Another way to improve your credit score is to remove derogatory marks from your credit report.

These marks, such as a missed payment or account in collections can really hurt your score.

Try contacting the lender that placed the mark on your credit report. Many will be willing to negotiate a pay-for-delete agreement. Under such an agreement, you pay the balance of the loan and the lender removes the mark.

Related to credit utilization is your debt-to-income ratio. The higher this ratio, the less likely it is that you’ll be able to make payments on a new loan.
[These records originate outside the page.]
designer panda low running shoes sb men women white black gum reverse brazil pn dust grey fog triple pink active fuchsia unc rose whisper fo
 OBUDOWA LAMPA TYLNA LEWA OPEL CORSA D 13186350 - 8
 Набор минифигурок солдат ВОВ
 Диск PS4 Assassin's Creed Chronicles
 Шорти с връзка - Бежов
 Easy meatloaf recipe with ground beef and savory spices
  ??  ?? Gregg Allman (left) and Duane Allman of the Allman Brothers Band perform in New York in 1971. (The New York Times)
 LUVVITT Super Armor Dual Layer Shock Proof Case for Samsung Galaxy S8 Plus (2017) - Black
That’s because all of your current income will be going towards paying your current loans. You can reduce this ratio by increasing your income or paying down your other loans.

Personal Loans from Other Lenders

If you need a personal loan but have decided that Lending Club isn’t for you, consider applying for a loan from one of these providers:


Upstart is a personal loan provider that puts a twist on the usual loan approval practices.

Like any lender, Upstart will look at your credit history and debt-to-income ratio when deciding whether to lend money to you.

What makes Upstart unique is that the company takes other factors into account. Upstart looks at your education history, area of study, and job history when making a lending decision.

If you have held a stable job for years or are highly educated in a high-demand field, Upstart’s unique risk assessment protocol may be able to get you a better deal on your loan.

Read Upstart Personal Loans Editor's Review

Santander Bank

Santander Bank offers personal loans that range from $5,000 to $35,000. You can apply for a loan from Santander to consolidate other debts, fund home improvements, or to pay unexpected bills.

All of Santander Bank’s personal loans have a fixed interest rate.

That means that the interest will stay the same for the life of the loan, even if market interest rates rise.

That way, you’ll know exactly how much you’ll have to pay over the life of the loan and your monthly payment never changes.

If you already bank with Santander, you can take advantage of a loyalty bonus.

By enrolling in autopay from a Santander checking account you’ll reduce your loan’s interest rate by 0.25% automatically. That can result in big savings on a large loan when you take the full term to pay it off.


Discover is best known for its credit cards, but it’s also a bank that offers savings accounts, checking accounts, and personal loans.

You can borrow up to $35,000 from Discover and take as long as seven years to pay the loan back.

That gives you the flexibility to pay back the loan on your terms since there’s no early payment penalty.

Discover offers a 30-day return policy, which allows you to return the loan in full with no penalties or interest.

It also employs a 100% U.S.-based customer support staff. That makes it easy to get help when you need.


Lending Club is a great option if you're having trouble getting a personal loan from more traditional sources.

Or, you might just want to avoid regular personal loans altogether because Lending Club loans are funded by other people and profits don't go to "fat cat bankers."